> Task: For the entries below, report every line that includes the word "tronco".

> Source records:
....................

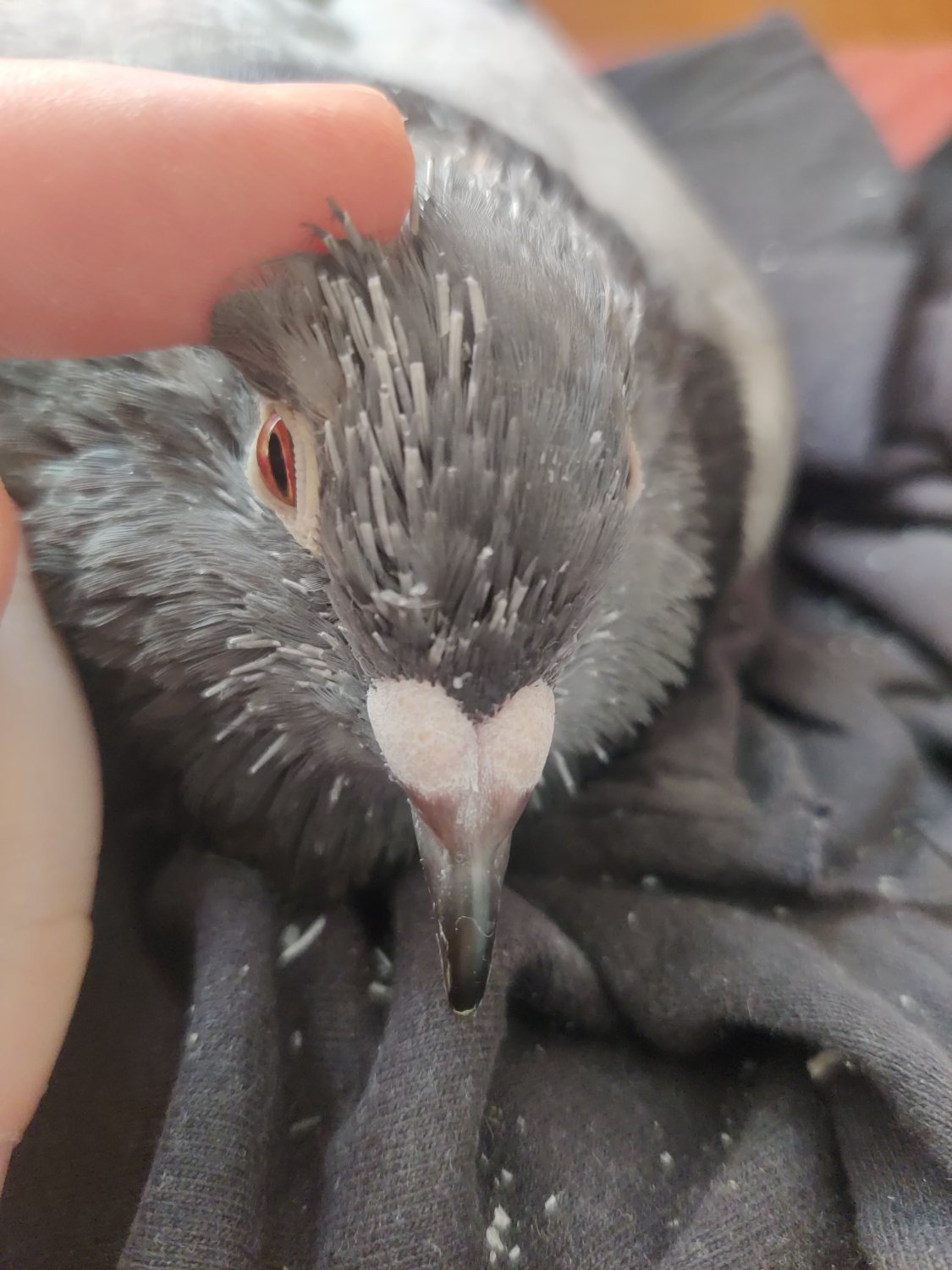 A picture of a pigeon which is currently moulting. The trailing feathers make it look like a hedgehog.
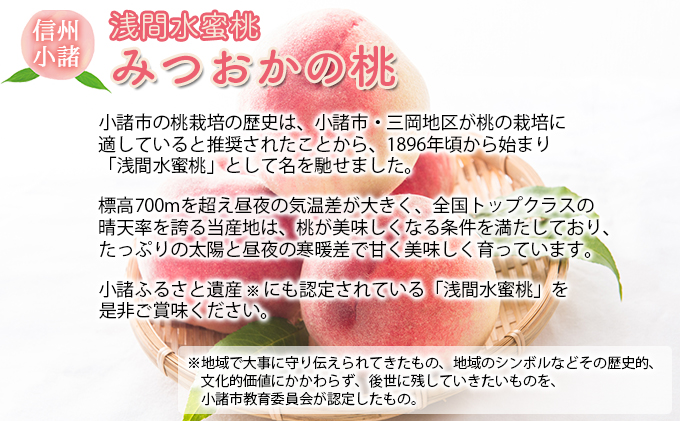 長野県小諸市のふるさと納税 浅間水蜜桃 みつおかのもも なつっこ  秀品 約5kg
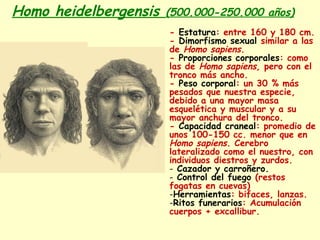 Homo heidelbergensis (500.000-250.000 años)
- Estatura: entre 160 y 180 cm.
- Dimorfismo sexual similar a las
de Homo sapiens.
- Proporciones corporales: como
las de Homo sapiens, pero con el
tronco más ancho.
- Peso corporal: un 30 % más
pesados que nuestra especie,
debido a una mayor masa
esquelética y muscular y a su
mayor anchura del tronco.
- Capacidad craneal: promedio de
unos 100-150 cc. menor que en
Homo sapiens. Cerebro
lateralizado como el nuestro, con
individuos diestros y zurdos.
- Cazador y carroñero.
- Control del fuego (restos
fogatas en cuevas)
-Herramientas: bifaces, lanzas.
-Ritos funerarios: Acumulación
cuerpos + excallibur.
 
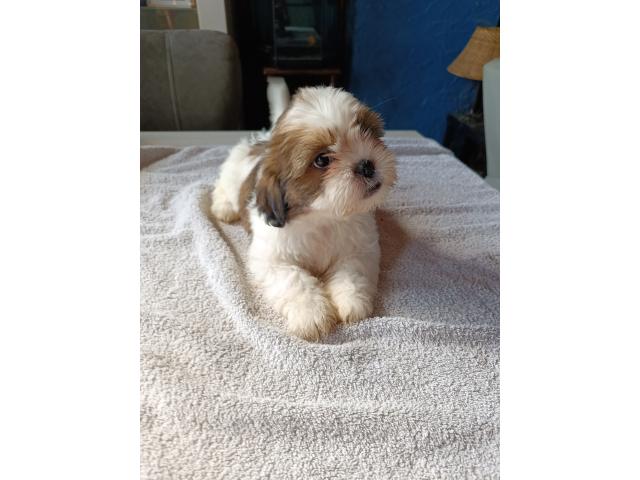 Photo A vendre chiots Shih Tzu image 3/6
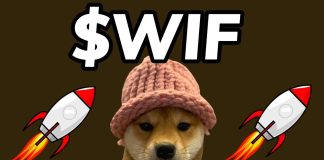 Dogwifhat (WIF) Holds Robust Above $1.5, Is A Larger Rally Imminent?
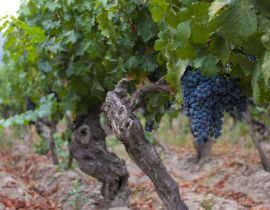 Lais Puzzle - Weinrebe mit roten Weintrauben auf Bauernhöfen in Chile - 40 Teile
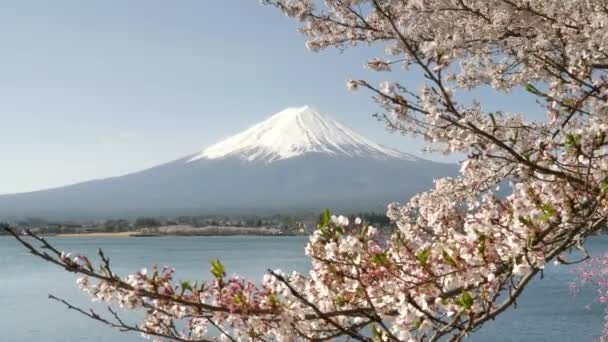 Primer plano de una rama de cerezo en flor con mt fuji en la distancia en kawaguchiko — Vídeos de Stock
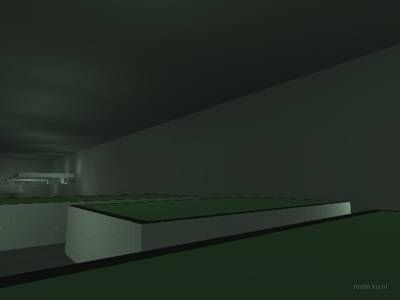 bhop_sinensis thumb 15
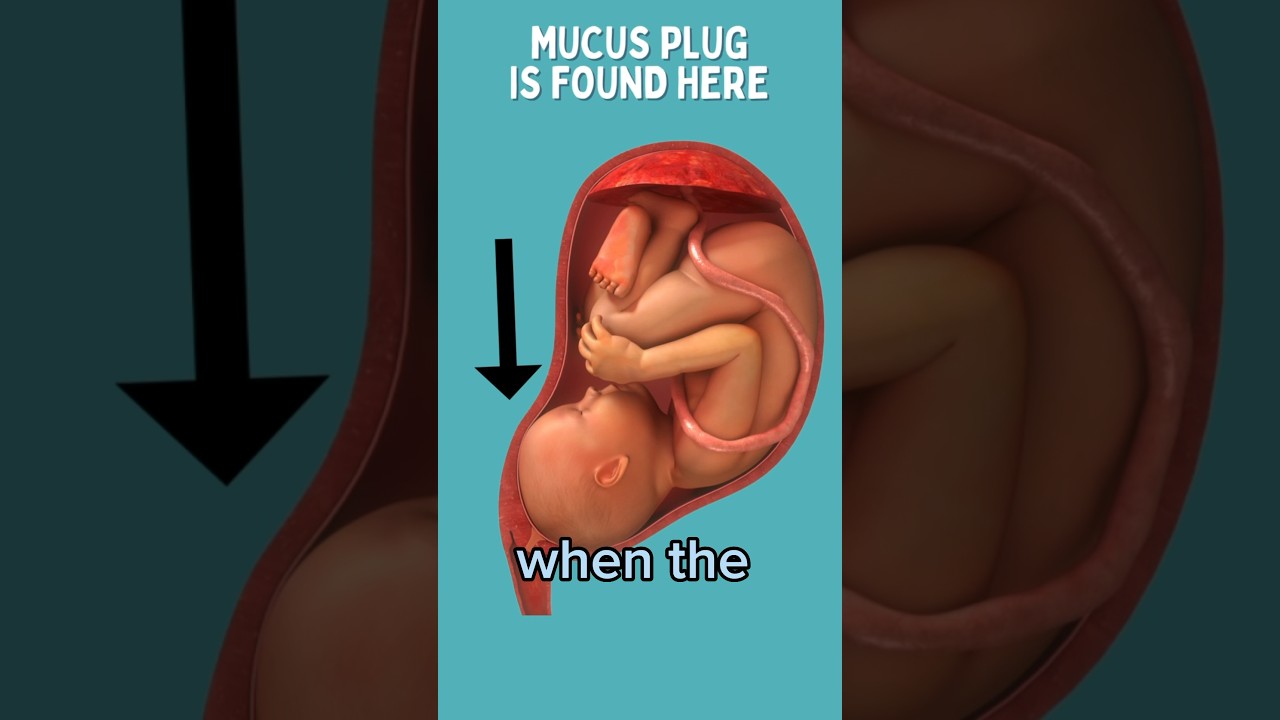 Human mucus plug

....................

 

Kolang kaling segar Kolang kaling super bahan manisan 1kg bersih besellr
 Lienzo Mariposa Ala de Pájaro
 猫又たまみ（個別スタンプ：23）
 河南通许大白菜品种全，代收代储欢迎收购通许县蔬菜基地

....................

> Problem solution:
tronco más ancho.
mayor anchura del tronco.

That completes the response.